How To Avoid Financial Pitfalls that Make Millionaires Go Broke | ONE Advisory Partners (2024)

There are many financial “bad habits” that can leave you in debt. Sometimes they lure you in with the promise of being a "smart financial move" while others are more glaringly obvious to avoid. Unfortunately, you can’t hop into a time machine to go back and undo your past financial mistakes. However, you can take steps to avoid common pitfalls and hang on to more of your hard-earned cash. The most important bad money habits are not adhering to a budget, making emotional purchases and only having one source of income.

Not Having a Budget

Everyone should have a budget. Whether you’re Warren Buffett or a recent college grad living off of frozen dinners, you should have a budget. If you don't have a budget in place, you’re at risk of a financial disaster. A budget can help you decrease or prevent debt and even provide a road map to reach your financial goals. In order to build a successful budget, spend some time tracking your spending habits. When you understand how much money you have coming in as well as going out, you’re in a better position to cut out unnecessary spending activities.

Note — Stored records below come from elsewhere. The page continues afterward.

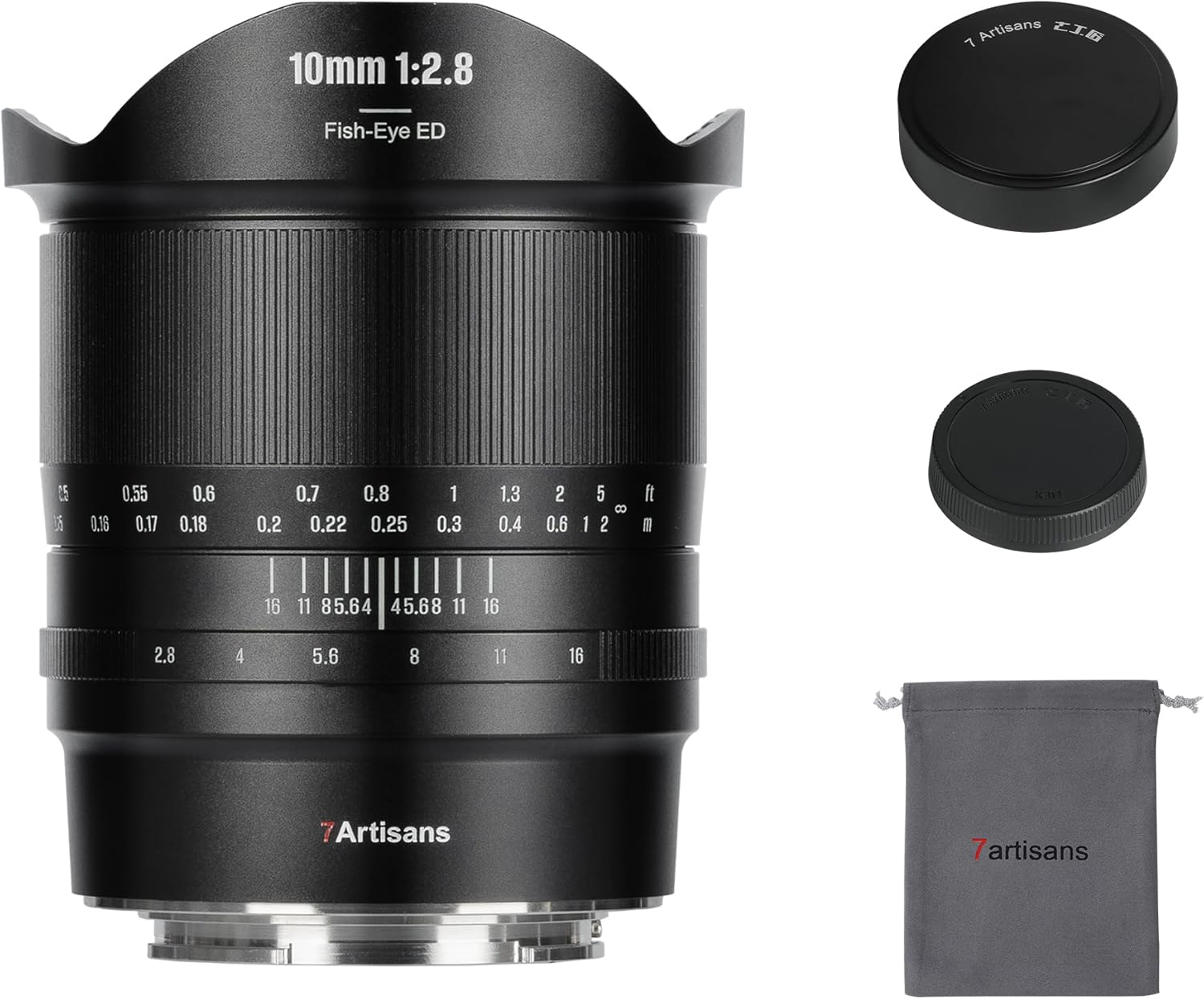 7artisans 10mm F2.8 II Full Frame Ultra Wide Angle Fisheye Lens 185°Manual Focus for Nikon Z-Mount Mirrorless Cameras Z7II/Z6II/Z5/Z6/Z7/Z9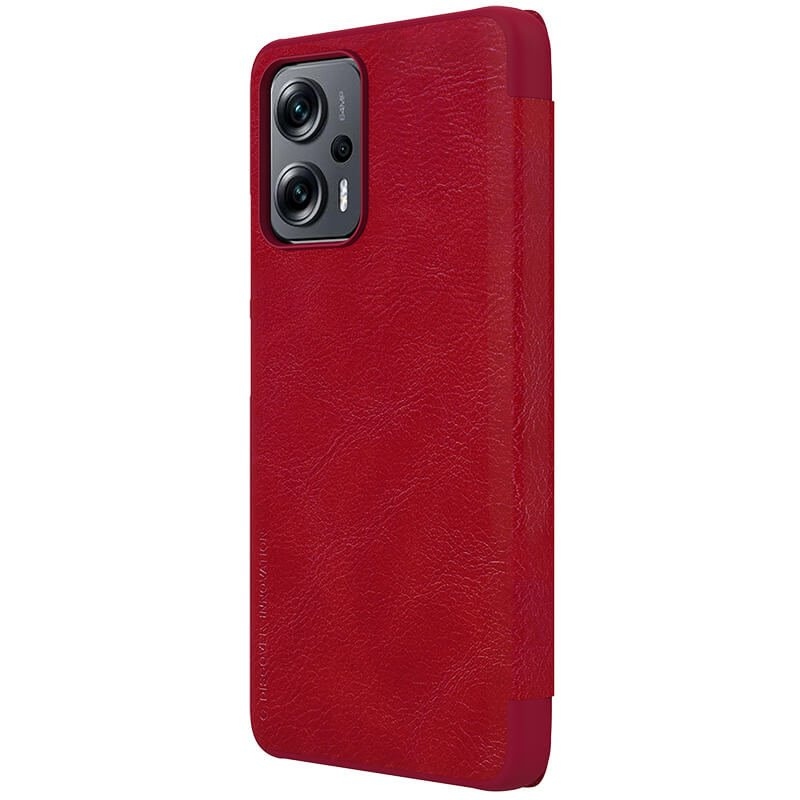 Nillkin Qin Book Pouzdro pro Xiaomi Redmi Note 11T PRO/11T PRO+ 5G/Poco X4 GT 5G Red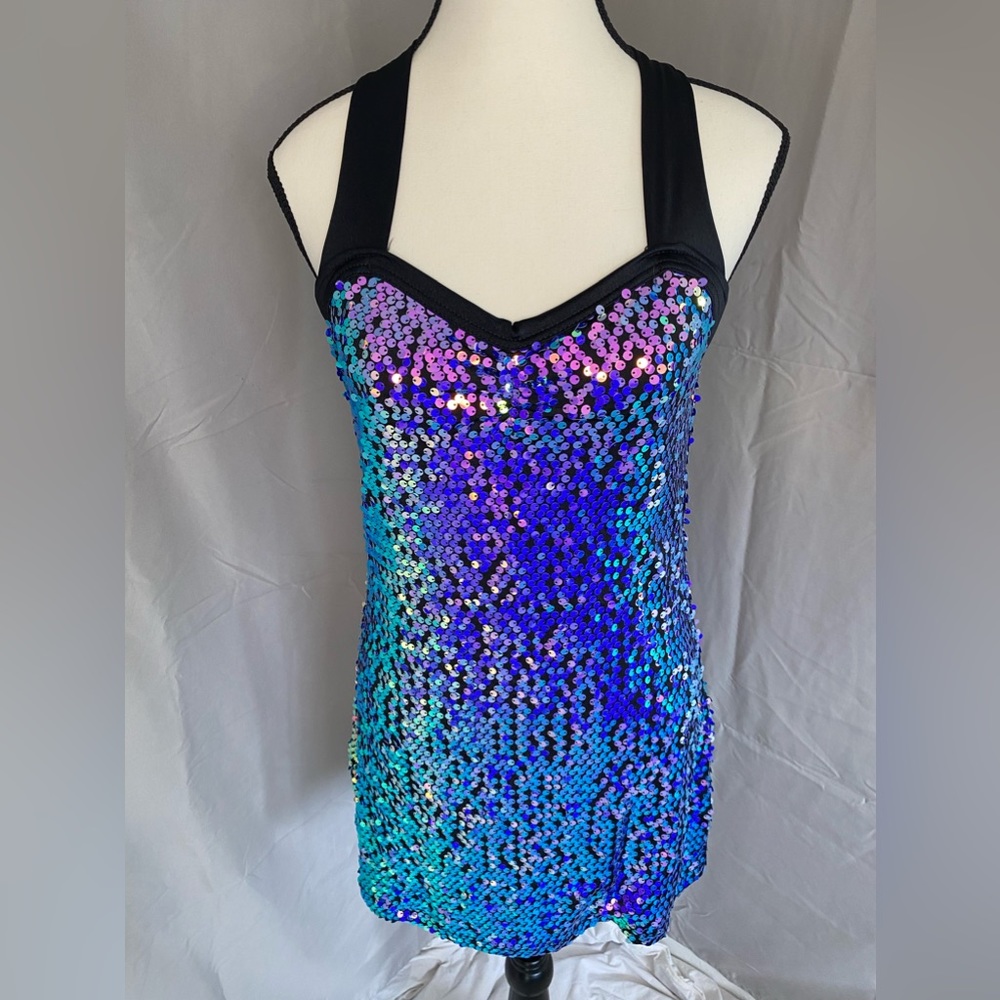 Fully Sequin Weissman Jazz Costume Adult Medium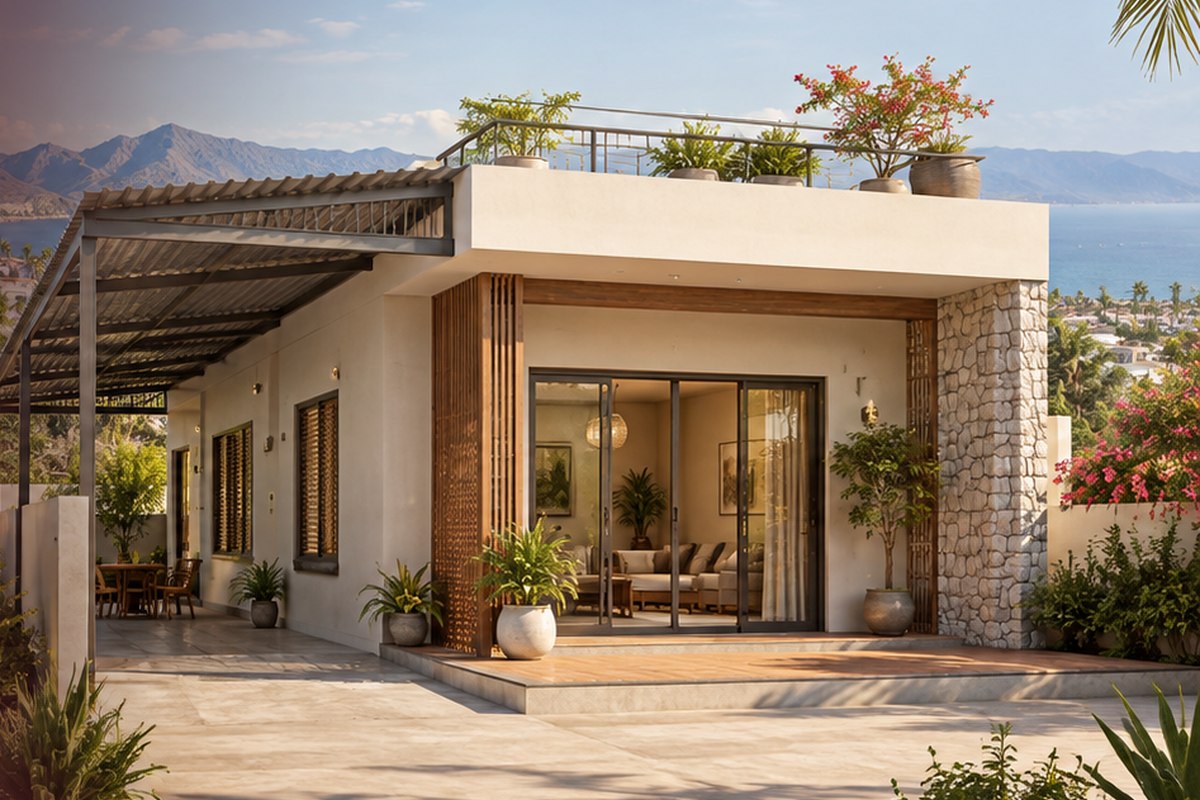 Nhà cấp 4 mái dốc tại Phan Rang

According toEntrepreneur, not having a budget is a common way that millionaires end up broke. These soon-not-to-be millionaires don’t go over their bank statements or monthly bills to make sure that there aren’t any unauthorized transactions or that they weren’t overcharged. They also don’t compare prices for expenses they routinely make, such as their cell phone bill.

Making Impulse Buys

Far too often, people who were once wealthy, but are going broke tend to have a bad habit of making emotional purchases on a whim. For example, when they've had a bad day at work they may justify going on a costly shopping spree to lift their spirits. Most millionaires avoid emotional purchases because millionaire emotional purchases tend to be expensive, "sink the boat" type purchases, like a new sports car or spending spree in Las Vegas.

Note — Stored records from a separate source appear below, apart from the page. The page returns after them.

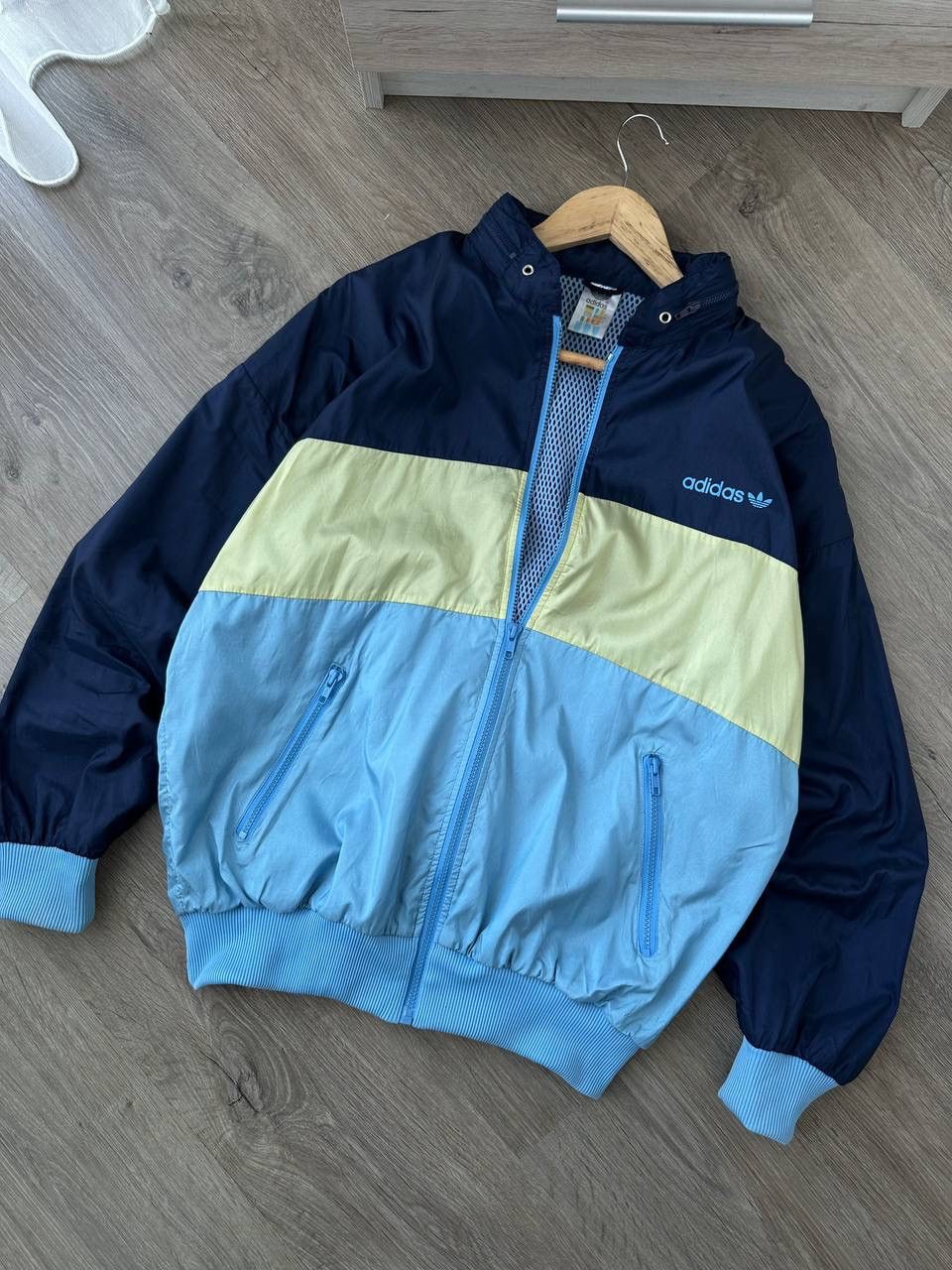 Adidas × Vintage Vintage Adidas Nylon Sportswear Zip Hoodie Size US M / EU 48-50 / 2 - 6 Thumbnail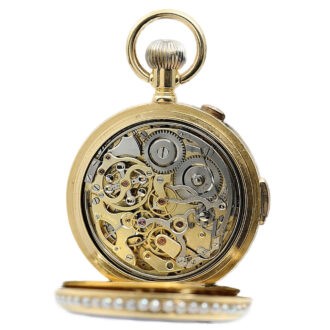 Swiss gold minute repeating chronograph watch Circa 1895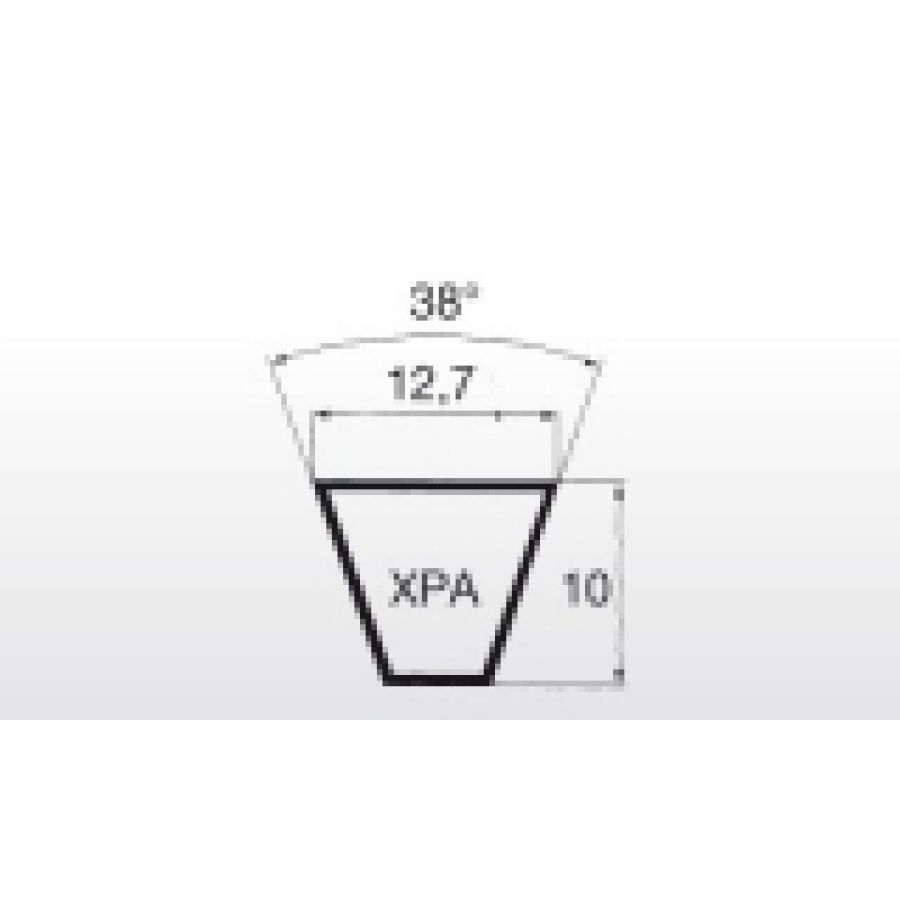 Klínový řemen XPA 832 Lw - 12,7x850 La Linea X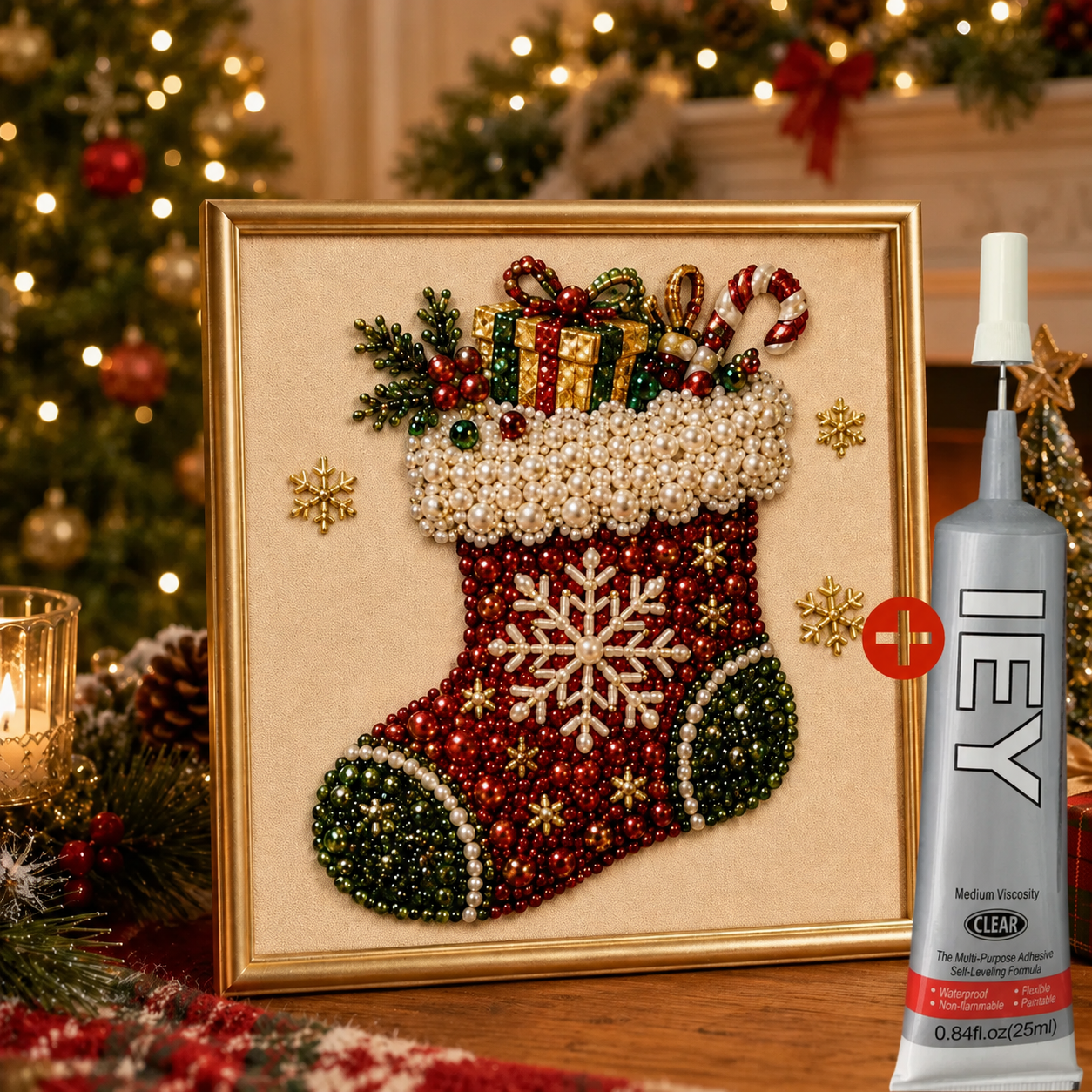 🎄 Nur für kurze Zeit: Entspannendes DIY-Perlenkunst-Set für Weihnachten – perfekt für Anfänger & eine kreative Geschenkidee! 🎨💎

Impulse buys can happen to anyone, too. According toYahoo Finance, nearly three-quarters of Americans admitted to making unplanned purchases in the last three months. Millennials are the most common culprits of impulse buys with nearly 91 percent confessing to making a reactionary purchase in their lifetime.


Not Having Multiple Streams of Income

Even if you have a six-figure salary, never rely on one stream of income. Author Thomas C. Corley conducted a five-year study of self-made millionaires and discovered that 65 percent of the people that he studied had three streams of income, while 35 percent had four streams.

The benefits of having multiple income streams are vast. When one stream is negatively affected by the economy or other unforeseen factors, the other streams can come to the rescue and help you survive the downturn without a dramatic downgrade in lifestyle. Additionally, having multiple streams of income allows you to pay off any outstanding debt faster and place more money into your investments and retirement.

How To Avoid Financial Pitfalls that Make Millionaires Go Broke | ONE Advisory Partners (2024)

FAQs

How to avoid a financial pitfall? ›

  1. Tip #1: Create a Realistic Budget and Stick to It. ...
  2. Tip #2: Don't Impulse Buy. ...
  3. Tip #3: Don't Buy Something Just Because It's on Sale. ...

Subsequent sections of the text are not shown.